# WORK TASK
Would you reproduce exactly the lines below from the one holding "画像をギャラリービューアに読み込む, 満足 綿100％" through the one holding "Two Moustaches Lotus", inclusive, and no others?

# ENTRIES SHOWN
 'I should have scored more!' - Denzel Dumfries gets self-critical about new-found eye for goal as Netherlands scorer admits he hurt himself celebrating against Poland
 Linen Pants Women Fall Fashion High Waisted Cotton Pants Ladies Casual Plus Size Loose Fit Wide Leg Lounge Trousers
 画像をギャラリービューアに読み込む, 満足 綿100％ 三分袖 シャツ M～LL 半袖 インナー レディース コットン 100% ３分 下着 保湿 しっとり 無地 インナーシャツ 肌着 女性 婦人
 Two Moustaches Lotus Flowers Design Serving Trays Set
==
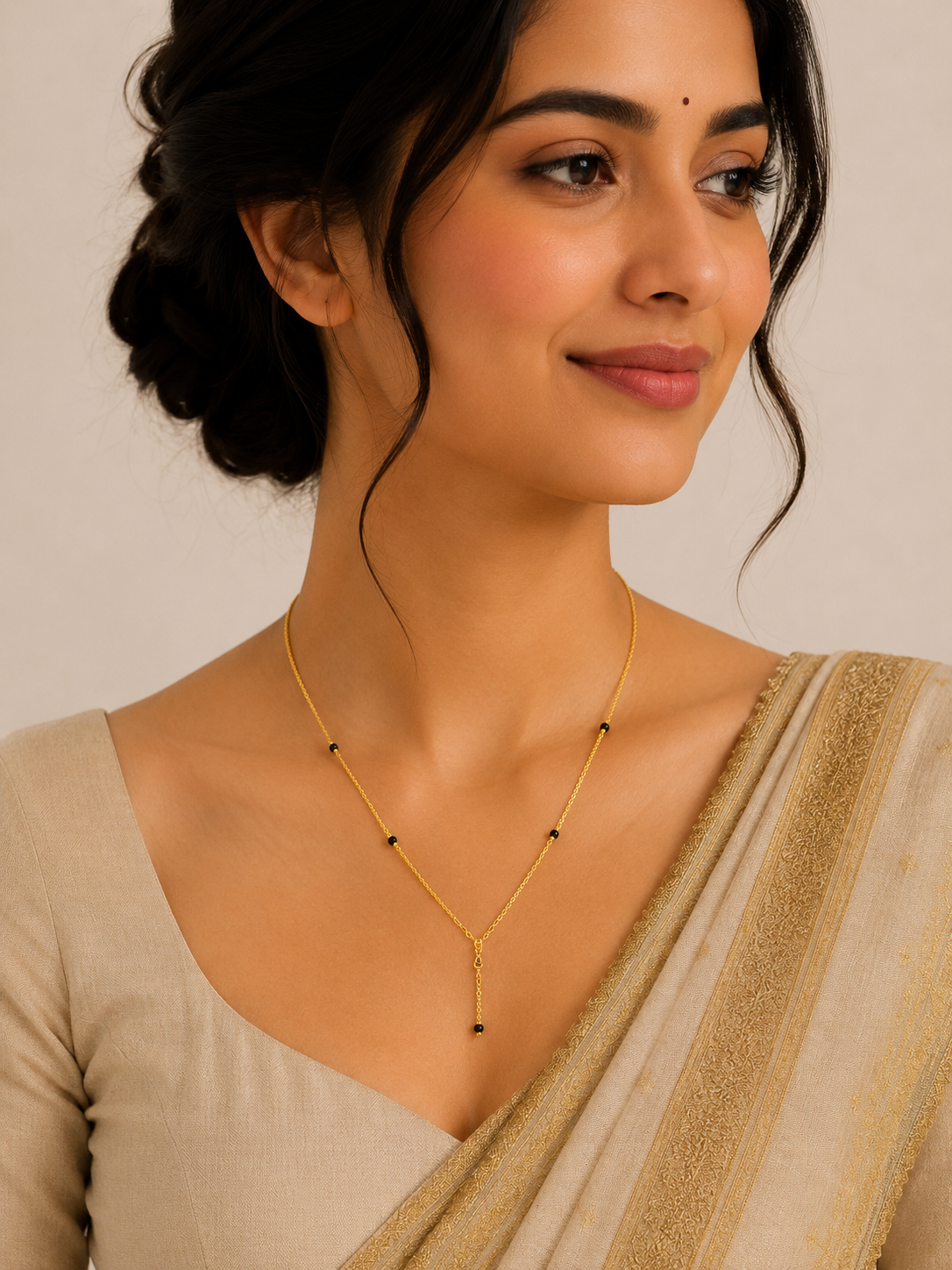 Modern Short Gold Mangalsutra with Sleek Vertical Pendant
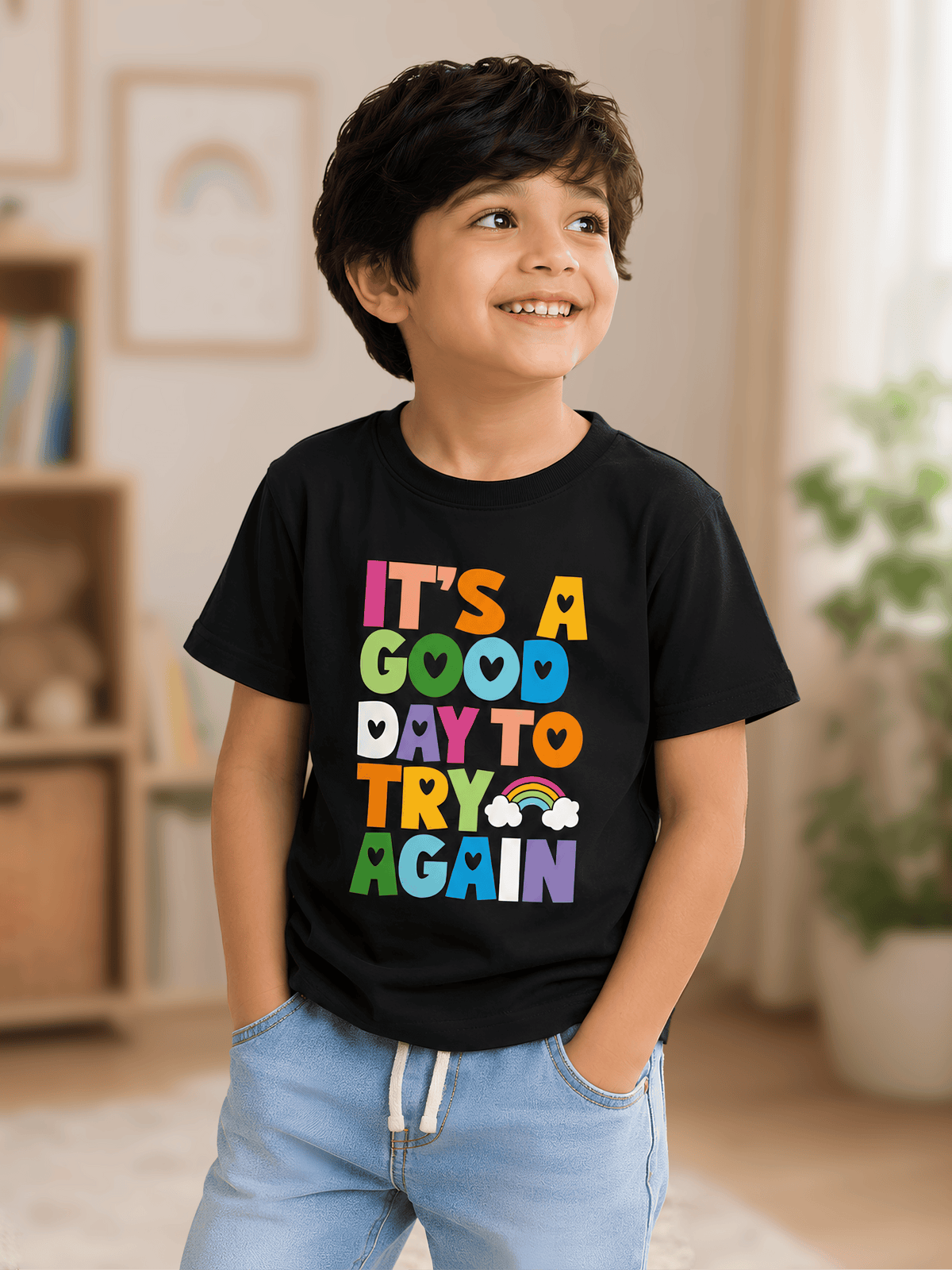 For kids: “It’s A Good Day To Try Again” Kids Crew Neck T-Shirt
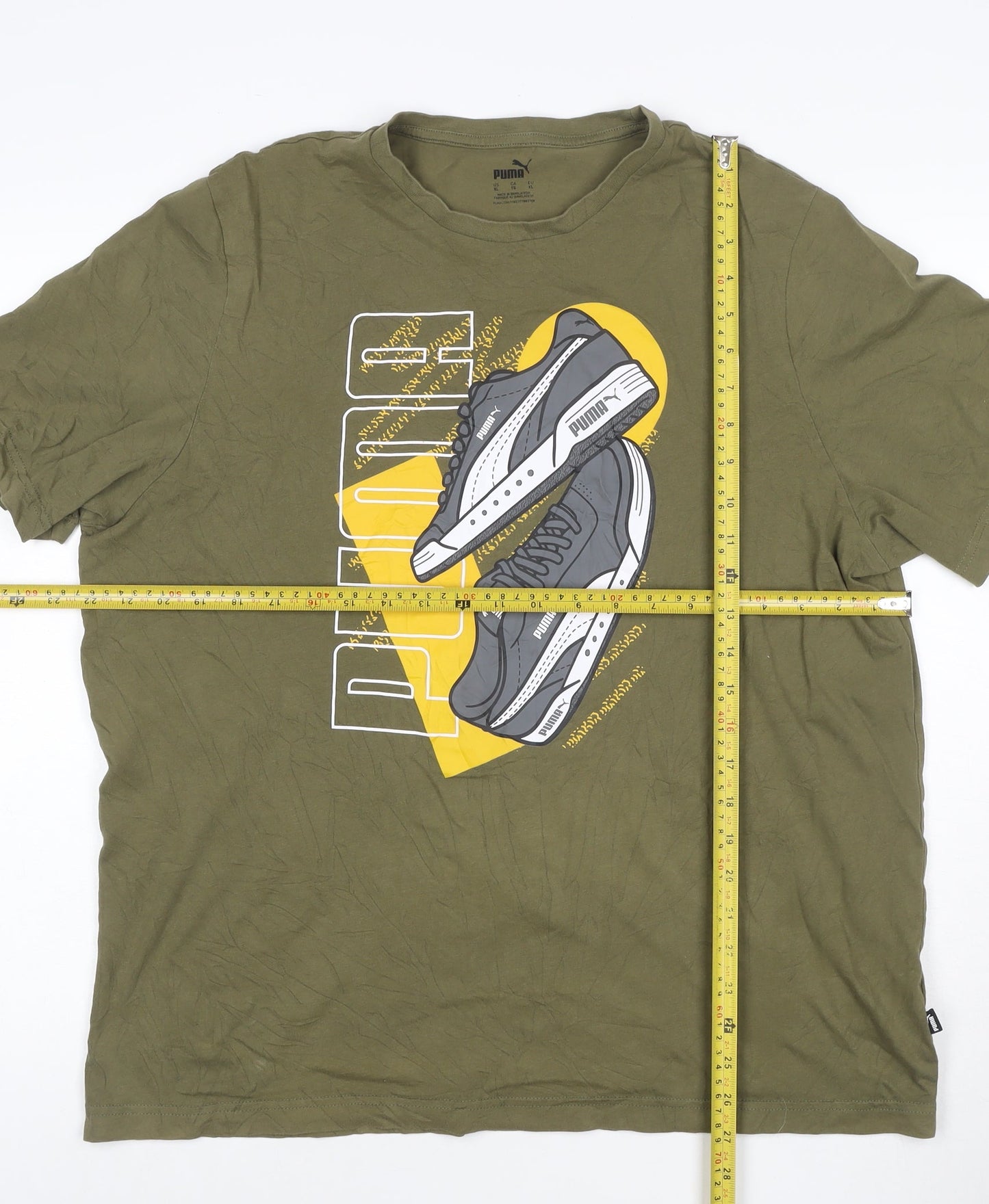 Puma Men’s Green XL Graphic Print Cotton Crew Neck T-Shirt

# RESPONSE TO THE TASK
 画像をギャラリービューアに読み込む, 満足 綿100％ 三分袖 シャツ M～LL 半袖 インナー レディース コットン 100% ３分 下着 保湿 しっとり 無地 インナーシャツ 肌着 女性 婦人
 Two Moustaches Lotus Flowers Design Serving Trays Set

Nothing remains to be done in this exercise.